Hi,
I noticed[1] that -addmods already has a special option: ALL-SYSTEM
What I'm looking for is something like ALL-MP or ALL-MODULEPATH, which
simply exposes all modules on the modulepath to the classpath. The set of
moduleEntries on the modulePath are already chosen with care and are in
the end all required to be able to compile the test-classes without the
need of knowing the name of the module being used to compile with.
thanks,
Robert
[1] http://openjdk.java.net/jeps/261
On Tue, 23 Feb 2016 01:52:50 +0100, Jonathan Gibbons
<jonathan.gibb...@oracle.com> wrote:
On 02/22/2016 12:44 PM, Robert Scholte wrote:
Hi,
first of all I'd like to say that I'm very pleased with the new -mp
options, these matches better with the way Apache Maven would like to
work with jars and class-folders.
Here's my use case: I noticed that if I add a module-info to
src/main/java and put all compile-scoped dependencies to the module
path, all compiles fines.
I assume that developers are less interested in adding a
module-info.java file to src/test/java, so that's what I'm doing right
now too.
Now it seems that I *must* add compile + test scoped to the *classpath*
to be able to compile the test classes.
My first approach was to leave the compile-scoped dependencies on the
modulepath and all test-scoped dependencies on the classpath, so the
modules keeps their inner related structure, but it seems that the
classpath classes cannot access the modulepath classes.

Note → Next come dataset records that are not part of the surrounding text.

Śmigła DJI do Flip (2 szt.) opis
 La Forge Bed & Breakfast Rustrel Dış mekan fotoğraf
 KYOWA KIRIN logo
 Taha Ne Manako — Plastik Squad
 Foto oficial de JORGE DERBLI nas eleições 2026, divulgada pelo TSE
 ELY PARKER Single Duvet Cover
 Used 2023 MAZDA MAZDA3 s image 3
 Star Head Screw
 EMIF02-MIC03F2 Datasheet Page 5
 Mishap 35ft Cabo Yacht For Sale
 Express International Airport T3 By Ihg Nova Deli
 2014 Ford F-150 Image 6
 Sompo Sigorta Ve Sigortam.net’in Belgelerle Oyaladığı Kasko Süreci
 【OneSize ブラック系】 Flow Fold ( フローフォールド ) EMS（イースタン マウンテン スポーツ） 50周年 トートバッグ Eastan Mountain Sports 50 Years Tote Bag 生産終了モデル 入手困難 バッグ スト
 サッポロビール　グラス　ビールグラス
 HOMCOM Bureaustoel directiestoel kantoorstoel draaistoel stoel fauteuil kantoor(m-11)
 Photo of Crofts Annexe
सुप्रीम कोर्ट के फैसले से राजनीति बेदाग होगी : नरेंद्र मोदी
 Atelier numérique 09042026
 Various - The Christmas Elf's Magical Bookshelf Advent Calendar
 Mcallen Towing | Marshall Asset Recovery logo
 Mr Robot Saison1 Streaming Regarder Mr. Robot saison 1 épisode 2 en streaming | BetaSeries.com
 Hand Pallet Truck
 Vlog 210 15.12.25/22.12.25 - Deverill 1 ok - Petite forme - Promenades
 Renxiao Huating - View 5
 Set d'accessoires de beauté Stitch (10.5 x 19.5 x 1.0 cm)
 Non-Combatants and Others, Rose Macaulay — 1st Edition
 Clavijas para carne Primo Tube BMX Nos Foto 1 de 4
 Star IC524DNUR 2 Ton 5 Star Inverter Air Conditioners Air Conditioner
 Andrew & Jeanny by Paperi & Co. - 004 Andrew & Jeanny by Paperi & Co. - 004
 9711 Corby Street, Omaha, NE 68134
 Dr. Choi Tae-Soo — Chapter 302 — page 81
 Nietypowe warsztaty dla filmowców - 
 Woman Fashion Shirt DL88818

I'm looking for the confirmation that putting all dependencies on the
classpath is indeed the right approach in this case.
thanks,
Robert
Robert,
We definitely need some more detailed notes on setting up javac
compilations (note to self!) but one thing to note is that by default,
the unnamed module (i.e. code on the classpath) only has observability
of the modules in the system image. To make modules on the module path
observable, you need to use the -addmods option.